* Exercise objective: Your answer must consist of the lines running from the one that holds "HOT IN HOLLYWOOD" to the end of the data, copied exactly.

* Records shown:
- Opening Delimiter -
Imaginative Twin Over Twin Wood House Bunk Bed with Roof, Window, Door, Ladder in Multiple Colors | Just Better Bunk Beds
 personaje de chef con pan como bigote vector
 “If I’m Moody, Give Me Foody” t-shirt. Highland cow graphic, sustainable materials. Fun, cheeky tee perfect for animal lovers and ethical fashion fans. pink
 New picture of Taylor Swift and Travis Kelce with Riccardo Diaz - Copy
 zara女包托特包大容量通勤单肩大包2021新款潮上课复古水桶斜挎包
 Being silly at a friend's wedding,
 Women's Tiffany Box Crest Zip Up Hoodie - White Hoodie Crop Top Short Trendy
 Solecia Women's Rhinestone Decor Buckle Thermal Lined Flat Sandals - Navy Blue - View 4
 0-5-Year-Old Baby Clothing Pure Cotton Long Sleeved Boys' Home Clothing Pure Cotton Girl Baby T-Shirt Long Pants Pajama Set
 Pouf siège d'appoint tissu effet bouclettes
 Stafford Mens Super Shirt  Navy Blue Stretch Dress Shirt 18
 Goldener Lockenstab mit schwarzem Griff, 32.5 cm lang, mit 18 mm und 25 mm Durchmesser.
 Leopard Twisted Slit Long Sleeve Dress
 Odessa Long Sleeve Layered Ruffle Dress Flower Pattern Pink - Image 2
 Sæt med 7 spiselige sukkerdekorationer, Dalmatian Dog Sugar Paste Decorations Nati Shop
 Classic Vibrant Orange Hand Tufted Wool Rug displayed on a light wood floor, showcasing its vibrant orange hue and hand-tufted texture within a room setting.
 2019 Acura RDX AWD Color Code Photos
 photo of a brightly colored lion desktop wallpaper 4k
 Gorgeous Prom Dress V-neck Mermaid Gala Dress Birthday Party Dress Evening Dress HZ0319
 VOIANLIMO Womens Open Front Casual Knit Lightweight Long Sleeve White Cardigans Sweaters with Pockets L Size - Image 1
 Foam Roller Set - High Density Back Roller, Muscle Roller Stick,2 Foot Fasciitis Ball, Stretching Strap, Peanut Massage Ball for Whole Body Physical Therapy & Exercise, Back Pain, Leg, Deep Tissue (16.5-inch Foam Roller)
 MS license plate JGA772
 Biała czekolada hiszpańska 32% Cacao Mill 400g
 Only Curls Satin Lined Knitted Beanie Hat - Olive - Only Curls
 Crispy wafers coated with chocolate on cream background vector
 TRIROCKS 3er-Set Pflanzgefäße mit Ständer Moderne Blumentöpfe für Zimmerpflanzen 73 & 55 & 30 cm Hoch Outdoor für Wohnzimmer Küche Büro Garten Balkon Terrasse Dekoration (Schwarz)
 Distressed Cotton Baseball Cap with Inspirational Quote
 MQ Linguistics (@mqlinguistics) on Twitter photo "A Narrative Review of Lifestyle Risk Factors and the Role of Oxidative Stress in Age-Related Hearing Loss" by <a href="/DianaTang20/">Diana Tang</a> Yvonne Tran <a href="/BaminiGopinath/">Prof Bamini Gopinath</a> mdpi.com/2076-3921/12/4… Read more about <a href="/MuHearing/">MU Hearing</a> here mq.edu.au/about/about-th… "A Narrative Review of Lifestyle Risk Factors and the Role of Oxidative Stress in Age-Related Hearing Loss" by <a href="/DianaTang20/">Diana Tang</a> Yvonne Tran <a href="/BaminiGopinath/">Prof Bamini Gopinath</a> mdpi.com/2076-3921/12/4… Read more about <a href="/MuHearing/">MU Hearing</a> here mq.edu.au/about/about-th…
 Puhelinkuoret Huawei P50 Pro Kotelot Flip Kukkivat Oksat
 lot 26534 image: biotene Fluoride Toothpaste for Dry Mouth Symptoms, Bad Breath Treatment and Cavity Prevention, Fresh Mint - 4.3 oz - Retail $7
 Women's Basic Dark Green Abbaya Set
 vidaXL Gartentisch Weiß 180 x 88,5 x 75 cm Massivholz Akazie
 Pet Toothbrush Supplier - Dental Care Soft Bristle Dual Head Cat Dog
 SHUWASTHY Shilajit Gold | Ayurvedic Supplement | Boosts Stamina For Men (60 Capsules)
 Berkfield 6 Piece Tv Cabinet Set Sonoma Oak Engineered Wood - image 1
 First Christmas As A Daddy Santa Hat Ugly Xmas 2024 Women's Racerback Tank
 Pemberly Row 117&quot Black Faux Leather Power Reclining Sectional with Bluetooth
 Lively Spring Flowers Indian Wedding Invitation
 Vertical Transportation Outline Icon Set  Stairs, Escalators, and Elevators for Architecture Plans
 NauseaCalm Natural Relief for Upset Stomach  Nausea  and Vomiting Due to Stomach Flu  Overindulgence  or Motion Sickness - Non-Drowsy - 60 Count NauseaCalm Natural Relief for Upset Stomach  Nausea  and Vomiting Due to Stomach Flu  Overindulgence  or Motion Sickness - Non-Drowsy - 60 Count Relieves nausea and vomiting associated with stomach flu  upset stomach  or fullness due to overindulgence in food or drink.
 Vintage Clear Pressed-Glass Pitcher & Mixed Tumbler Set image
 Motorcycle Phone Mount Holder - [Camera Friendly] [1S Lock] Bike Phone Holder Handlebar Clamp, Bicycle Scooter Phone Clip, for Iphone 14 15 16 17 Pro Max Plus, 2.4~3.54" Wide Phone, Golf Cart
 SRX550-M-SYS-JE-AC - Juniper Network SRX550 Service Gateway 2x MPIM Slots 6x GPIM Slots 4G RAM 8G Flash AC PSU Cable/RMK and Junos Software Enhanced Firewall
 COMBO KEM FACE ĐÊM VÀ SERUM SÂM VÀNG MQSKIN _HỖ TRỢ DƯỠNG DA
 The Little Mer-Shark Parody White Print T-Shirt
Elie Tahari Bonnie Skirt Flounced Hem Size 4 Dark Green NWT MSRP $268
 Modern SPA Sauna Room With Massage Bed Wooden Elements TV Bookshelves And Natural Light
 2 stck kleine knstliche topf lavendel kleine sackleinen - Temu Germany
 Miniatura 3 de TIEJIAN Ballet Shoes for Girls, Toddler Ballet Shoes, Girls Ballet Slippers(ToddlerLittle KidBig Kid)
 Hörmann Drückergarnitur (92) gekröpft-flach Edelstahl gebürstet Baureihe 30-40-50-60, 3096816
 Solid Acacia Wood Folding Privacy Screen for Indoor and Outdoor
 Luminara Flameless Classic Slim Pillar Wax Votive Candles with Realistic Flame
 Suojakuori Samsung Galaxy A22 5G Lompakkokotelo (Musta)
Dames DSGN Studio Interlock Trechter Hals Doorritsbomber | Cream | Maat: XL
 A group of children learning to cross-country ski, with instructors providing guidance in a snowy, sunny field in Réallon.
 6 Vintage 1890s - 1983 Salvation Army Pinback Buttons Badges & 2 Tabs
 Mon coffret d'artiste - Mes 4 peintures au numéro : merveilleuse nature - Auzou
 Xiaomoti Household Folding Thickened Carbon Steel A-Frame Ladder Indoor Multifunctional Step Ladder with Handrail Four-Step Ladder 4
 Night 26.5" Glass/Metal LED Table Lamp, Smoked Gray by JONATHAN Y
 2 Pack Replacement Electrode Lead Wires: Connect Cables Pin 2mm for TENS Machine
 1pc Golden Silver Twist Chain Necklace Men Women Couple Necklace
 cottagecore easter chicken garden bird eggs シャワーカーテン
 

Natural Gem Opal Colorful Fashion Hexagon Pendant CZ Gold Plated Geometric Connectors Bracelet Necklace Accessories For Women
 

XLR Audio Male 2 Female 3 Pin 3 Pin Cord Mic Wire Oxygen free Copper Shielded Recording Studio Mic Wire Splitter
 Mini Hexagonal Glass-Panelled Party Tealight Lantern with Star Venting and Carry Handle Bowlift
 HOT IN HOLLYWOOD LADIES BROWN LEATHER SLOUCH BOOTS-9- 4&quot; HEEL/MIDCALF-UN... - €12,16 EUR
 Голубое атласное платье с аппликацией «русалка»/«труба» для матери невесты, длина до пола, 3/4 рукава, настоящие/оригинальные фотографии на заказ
- Closing Delimiter -
* Solution to this task:
 HOT IN HOLLYWOOD LADIES BROWN LEATHER SLOUCH BOOTS-9- 4&quot; HEEL/MIDCALF-UN... - €12,16 EUR
 Голубое атласное платье с аппликацией «русалка»/«труба» для матери невесты, длина до пола, 3/4 рукава, настоящие/оригинальные фотографии на заказ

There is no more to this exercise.